Alle Simulationen führten zum gleichen Ergebnis: Ein Sturz ohne Fremdeinwirkung war wahrscheinlich, so dass es sich um einen Unfall gehandelt haben konnte. „Unsere Methode ist in der Lage, objektiv und transparent zu untersuchen, welche Bewegungen abhängig von den Gesetzen der Physik möglich sind“, erklärt Syn Schmitt. Auch die Experimente und theoretischen Berechnungen von Niels Hansen zur Eingrenzung der Wassertemperatur zum Zeitpunkt der Auffindung des Leichnams entlasteten Manfred Genditzki. Ein darauf aufsetzendes, etabliertes Verfahren zur temperaturgestützten Todeszeitschätzung legte den wahrscheinlichen Todeszeitpunkt weit außerhalb des eigentlich angenommenen Tatzeitpunkts fest. „Die thermodynamische Analyse war somit ein wichtiger Baustein und könnte in anderen Verfahren zum Einsatz kommen,“ sagte Niels Hansen zum Ausgang des Prozesses.

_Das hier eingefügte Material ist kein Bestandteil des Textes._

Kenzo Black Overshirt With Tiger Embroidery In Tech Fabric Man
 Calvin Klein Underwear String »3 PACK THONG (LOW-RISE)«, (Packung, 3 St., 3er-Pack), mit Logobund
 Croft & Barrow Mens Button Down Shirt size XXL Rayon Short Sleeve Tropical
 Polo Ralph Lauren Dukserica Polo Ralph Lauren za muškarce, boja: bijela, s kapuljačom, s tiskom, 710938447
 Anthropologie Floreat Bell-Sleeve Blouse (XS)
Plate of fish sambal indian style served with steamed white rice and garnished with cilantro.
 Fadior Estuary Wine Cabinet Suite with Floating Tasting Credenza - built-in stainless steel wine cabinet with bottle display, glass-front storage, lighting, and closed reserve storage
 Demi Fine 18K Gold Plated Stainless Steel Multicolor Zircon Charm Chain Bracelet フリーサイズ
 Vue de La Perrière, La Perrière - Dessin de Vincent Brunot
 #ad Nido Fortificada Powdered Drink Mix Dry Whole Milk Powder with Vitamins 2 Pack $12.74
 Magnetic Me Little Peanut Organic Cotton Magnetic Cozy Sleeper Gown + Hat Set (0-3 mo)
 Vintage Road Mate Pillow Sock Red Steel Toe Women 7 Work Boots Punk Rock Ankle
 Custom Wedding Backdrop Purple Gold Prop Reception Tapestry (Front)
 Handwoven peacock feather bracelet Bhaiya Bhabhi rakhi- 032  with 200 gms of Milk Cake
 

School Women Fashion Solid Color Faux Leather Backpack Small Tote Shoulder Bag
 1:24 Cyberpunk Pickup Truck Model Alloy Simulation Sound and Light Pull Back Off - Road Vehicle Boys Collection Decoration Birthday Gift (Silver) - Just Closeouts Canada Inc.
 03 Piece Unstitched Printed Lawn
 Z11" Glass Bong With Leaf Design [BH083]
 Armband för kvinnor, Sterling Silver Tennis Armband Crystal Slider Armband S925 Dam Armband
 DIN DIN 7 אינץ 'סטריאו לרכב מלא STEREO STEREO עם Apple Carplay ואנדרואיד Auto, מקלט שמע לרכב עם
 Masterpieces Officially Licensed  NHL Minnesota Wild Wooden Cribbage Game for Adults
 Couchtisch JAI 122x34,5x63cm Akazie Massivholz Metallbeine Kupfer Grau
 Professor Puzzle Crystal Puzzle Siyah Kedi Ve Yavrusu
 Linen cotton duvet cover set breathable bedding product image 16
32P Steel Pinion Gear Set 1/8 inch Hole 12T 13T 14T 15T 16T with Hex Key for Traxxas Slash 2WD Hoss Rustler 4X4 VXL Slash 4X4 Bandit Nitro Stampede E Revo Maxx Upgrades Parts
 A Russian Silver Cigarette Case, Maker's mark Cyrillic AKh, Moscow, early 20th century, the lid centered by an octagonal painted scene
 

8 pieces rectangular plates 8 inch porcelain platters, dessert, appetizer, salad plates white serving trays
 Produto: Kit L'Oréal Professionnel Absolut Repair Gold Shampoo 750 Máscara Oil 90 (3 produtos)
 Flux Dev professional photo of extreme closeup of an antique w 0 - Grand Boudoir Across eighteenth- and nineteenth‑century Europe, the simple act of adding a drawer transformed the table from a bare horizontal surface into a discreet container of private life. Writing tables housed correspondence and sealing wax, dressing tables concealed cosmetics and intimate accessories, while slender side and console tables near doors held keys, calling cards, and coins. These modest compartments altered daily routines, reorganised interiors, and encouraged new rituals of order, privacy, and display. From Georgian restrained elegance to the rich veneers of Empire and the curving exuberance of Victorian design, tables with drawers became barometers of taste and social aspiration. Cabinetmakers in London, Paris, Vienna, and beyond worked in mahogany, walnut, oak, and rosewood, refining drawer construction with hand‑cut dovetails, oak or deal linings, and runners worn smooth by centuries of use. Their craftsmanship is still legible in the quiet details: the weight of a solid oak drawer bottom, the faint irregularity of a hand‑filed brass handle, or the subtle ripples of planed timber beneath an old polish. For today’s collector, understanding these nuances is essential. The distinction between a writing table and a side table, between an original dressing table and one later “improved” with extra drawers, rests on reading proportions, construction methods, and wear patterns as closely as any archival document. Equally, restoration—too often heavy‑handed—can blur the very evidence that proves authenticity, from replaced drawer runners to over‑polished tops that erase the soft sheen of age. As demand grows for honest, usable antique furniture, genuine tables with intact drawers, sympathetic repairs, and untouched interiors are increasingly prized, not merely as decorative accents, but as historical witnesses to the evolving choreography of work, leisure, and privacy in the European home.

„Tatsächlich ist es in Bayern noch nie zur Aufhebung einer lebenslangen Freiheitsstrafe im Rahmen einer Wiederaufnahme gekommen. Der Freispruch Genditzkis ist somit ein historischer Sieg.“

Der Hamburger Rechtsanwalt Dr. Gerhard Strate

Die beiden Wissenschaftler freuten sich, dass sie mit ihren Gutachten einen wichtigen Beitrag in diesem Prozess leisten konnten. „Zum ersten Mal wurde das von uns mitentwickelte, biomechanische Simulationsverfahren als Beweismethode vor Gericht anerkannt. Das ist ein großer Erfolg für unsere Wissenschaft und insbesondere für das Stuttgarter Exzellenzcluster Daten-integrierte Simulationswissenschaft", ergänzt Syn Schmitt.

Die Wissenschaftler

Niels Hansen ist stellvertretender Institutsleiter des Instituts für Technische Thermodynamik und Thermische Verfahrenstechnik an der Universität Stuttgart und Professor für Molekulare Thermodynamik. Im Exzellenzcluster SimTech erforscht er die Optimierung von porösen Materialien mit Anwendungen in Energiespeicherprozessen. Niels Hansen hat an der TU Hamburg Verfahrenstechnik studiert und dort in der Chemischen Reaktionstechnik promoviert.

Syn Schmitt ist Direktor des Instituts für Modellierung und Simulation biomechanischer Systeme an der Universität Stuttgart und Professor für Computergestützte Biophysik und Biorobotik. Er forscht im Exzellenzcluster SimTech an der Simulation biomechanischer Systeme. Syn Schmitt hat Physik auf Diplom und Physik und Sport auf Lehramt studiert und anschließend an der Universität Tübingen in Theoretischer Physik (Biophysik) promoviert. 

2008 startete er an der Universität Stuttgart im damaligen SimTech Exzellenzcluster EXC310, wurde anschließend Juniorprofessor und übernahm 2018 im neu gegründeten Institut für Modellierung und Simulation biomechanischer Systeme schließlich eine Professur.